As a second motivating example, let’s consider a drug test scenario with 2 hospitals. Both of them are conducting randomised trials on a new drug to treat a certain illness. The outcome of interest is days hospitalised. If the treatment is effective, it will lower the amount of days the patient stays in the hospital. For one of the hospitals, the policy regarding the random treatment is to give it to 90% of its patients while 10% get a placebo. The other hospital has a different policy: it gives the drug to a random 10% of its patients and 90% get a placebo. You are also told that the hospital that gives 90% of the true drug and 10% of placebo usually gets more severe cases of the illness to treat.

hospital = pd.read_csv("./data/hospital_treatment.csv")
hospital treatment severity days
0 1 1 29.686618 82
1 1 1 20.050340 57
2 1 1 20.302399 49
3 0 0 10.603118 44
4 0 0 8.332793 15

Since you are dealing with randomized data, your first instinct is to simply run a regression of the outcome on the treatment.

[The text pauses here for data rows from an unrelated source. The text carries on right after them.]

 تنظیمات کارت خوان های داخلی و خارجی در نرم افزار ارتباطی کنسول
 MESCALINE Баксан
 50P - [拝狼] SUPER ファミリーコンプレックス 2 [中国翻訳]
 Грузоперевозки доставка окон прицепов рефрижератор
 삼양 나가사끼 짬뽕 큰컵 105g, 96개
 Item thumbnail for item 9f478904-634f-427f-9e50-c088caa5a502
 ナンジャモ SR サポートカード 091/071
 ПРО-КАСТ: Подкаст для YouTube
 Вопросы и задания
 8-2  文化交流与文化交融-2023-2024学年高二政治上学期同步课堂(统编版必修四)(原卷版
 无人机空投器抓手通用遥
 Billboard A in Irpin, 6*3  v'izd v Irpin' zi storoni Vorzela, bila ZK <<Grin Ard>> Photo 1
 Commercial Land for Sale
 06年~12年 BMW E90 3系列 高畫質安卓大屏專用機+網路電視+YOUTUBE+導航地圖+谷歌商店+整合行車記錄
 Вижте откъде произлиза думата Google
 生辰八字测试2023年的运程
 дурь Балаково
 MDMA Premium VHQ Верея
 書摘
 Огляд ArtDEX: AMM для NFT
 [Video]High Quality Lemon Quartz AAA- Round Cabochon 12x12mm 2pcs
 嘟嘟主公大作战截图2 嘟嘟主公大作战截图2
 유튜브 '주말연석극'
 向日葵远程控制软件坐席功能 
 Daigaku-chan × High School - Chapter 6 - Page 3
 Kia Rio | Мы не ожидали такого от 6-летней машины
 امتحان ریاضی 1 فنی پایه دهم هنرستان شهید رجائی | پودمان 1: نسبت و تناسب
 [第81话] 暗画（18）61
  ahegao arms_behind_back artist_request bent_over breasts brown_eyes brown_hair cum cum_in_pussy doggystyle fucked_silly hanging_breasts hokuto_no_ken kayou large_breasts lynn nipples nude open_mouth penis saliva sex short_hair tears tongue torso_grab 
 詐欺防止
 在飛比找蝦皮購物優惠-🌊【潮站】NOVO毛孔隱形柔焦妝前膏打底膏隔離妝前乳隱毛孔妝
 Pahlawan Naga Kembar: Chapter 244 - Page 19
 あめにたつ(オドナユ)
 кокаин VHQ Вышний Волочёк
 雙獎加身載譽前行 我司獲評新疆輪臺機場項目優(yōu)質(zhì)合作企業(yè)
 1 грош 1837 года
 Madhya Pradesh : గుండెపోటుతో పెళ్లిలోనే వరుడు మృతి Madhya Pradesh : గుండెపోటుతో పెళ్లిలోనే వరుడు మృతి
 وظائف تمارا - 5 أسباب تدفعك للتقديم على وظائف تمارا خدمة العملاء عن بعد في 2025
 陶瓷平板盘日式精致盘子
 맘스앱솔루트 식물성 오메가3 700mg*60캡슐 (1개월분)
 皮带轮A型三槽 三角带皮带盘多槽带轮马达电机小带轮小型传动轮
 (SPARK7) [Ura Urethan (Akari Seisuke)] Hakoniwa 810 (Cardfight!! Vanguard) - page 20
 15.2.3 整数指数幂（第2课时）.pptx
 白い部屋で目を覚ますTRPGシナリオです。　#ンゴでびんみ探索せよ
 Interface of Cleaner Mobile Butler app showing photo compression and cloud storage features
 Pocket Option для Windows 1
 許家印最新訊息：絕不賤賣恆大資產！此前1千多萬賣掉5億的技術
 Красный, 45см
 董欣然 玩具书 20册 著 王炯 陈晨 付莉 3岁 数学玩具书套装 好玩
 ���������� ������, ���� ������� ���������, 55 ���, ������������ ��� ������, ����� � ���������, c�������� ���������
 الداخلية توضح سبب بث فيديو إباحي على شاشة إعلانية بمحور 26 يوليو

hosp_1 = smf.ols('days ~ treatment', data=hospital).fit()
coef std err t P>|t| [0.025 0.975]
Intercept 33.2667 2.662 12.498 0.000 27.968 38.566
treatment 14.1533 3.367 4.204 0.000 7.451 20.856

But you find some counterintuitive results. How can the treatment be increasing the number of days in the hospital? The answer lies in the fact that we are running 2 different experiments. Severity is positively linked with more days at the hospital and since the hospital with more severe cases also gives more of the drug, the drug becomes positively correlated with more days at the hospital. When we look at both hospitals together, we have that \(E[Y_0|T=0]<E[Y_0|T=1]\), that is, the potential outcome of the untreated is, on average, lower than that of the treated because there are more untreated in the hospital with less severe cases. In other words, severity acts as a confounder, determining the hospital the patient goes and, hence, the probability of receiving the drug.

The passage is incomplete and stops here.